*Problem description*
Output only the lines that run from the line holding "Eileen fisher coral" to the end of the data below, including both ends, without any pictures.

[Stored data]
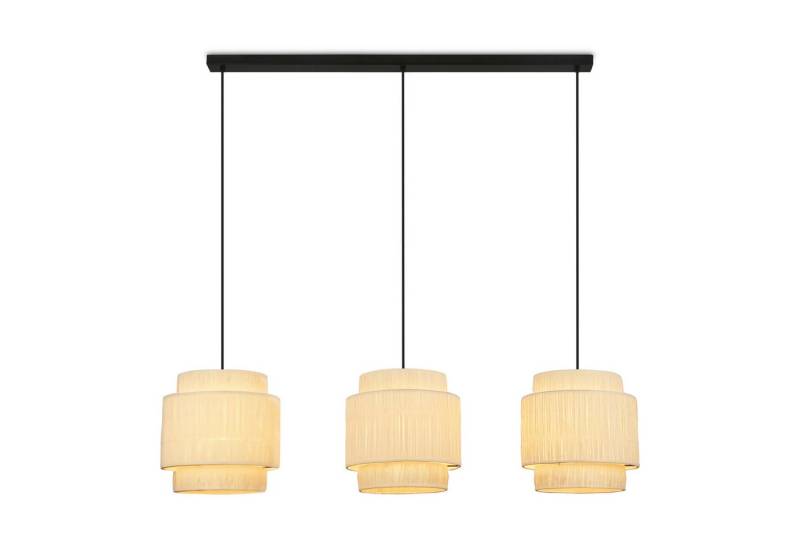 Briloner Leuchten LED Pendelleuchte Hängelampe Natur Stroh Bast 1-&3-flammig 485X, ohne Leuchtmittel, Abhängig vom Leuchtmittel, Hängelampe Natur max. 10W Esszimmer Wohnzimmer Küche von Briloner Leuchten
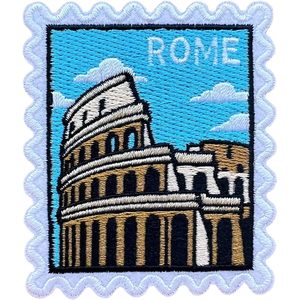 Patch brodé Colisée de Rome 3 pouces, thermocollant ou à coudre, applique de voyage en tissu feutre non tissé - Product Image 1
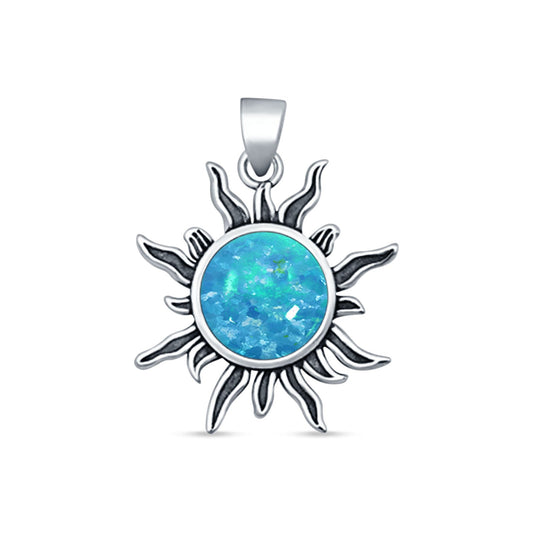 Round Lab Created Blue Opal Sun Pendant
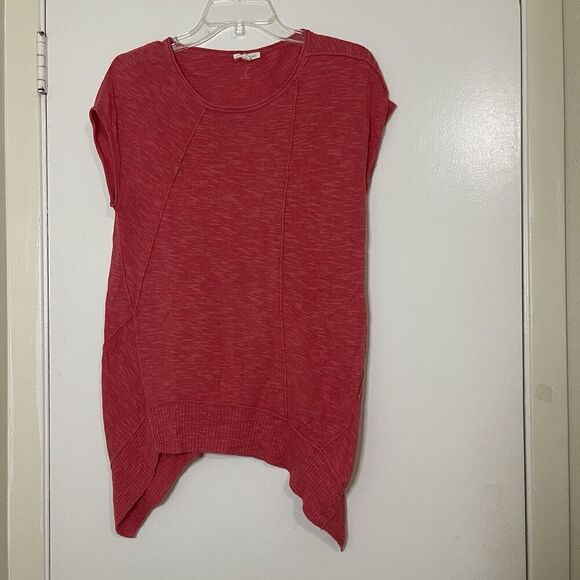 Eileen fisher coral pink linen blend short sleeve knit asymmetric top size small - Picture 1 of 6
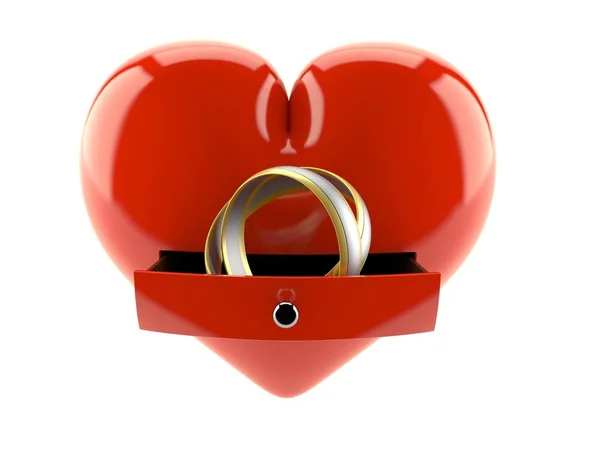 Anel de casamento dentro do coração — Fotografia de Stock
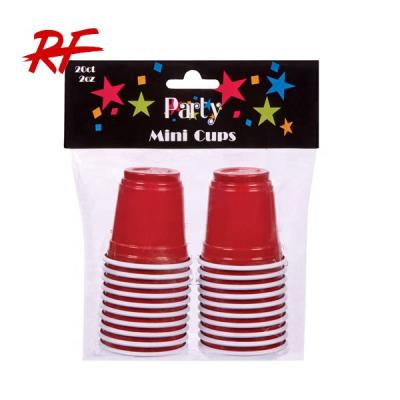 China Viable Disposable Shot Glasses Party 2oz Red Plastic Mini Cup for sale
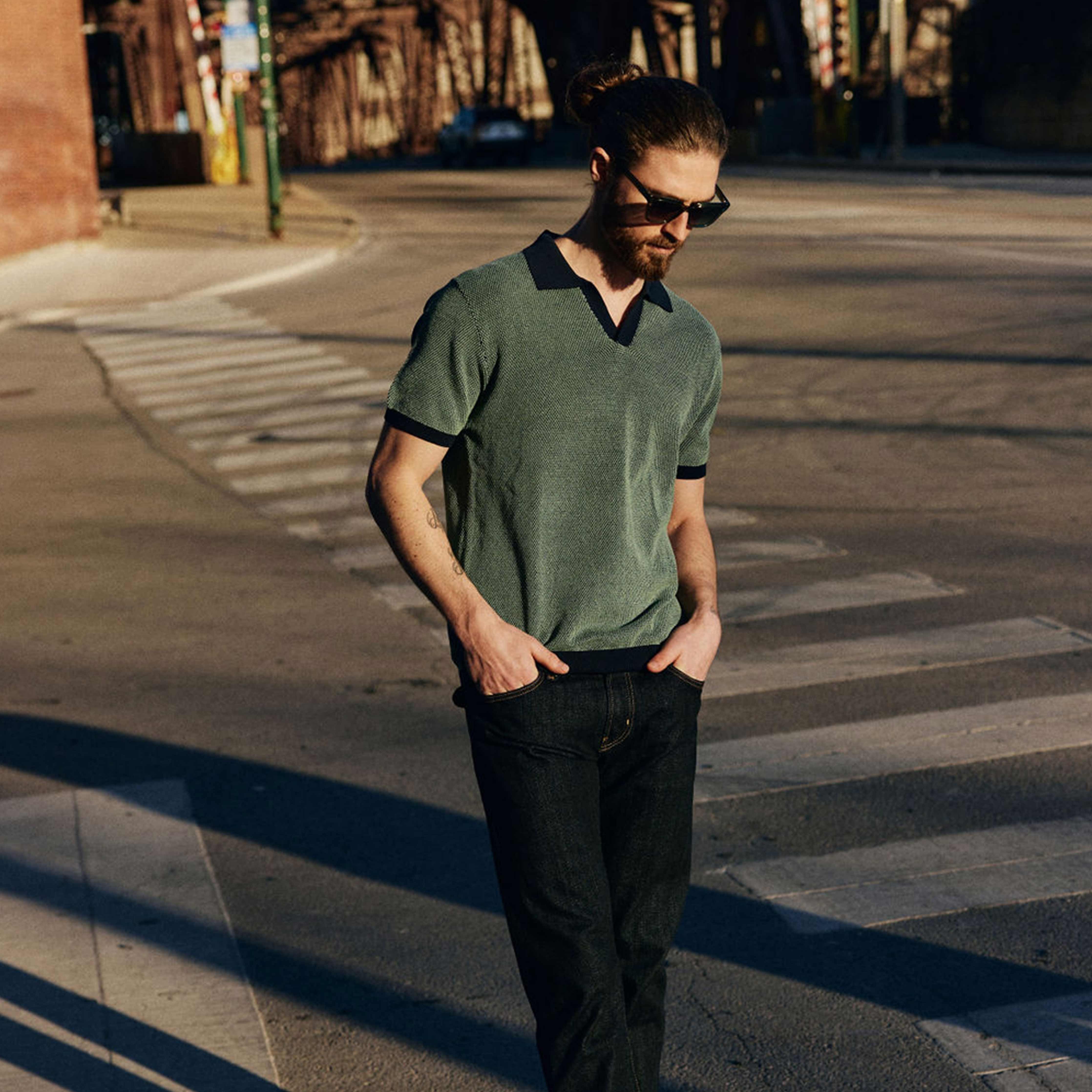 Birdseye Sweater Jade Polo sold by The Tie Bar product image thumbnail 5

*Task result*
 Eileen fisher coral pink linen blend short sleeve knit asymmetric top size small - Picture 1 of 6
 Anel de casamento dentro do coração — Fotografia de Stock
 China Viable Disposable Shot Glasses Party 2oz Red Plastic Mini Cup for sale
 Birdseye Sweater Jade Polo sold by The Tie Bar product image thumbnail 5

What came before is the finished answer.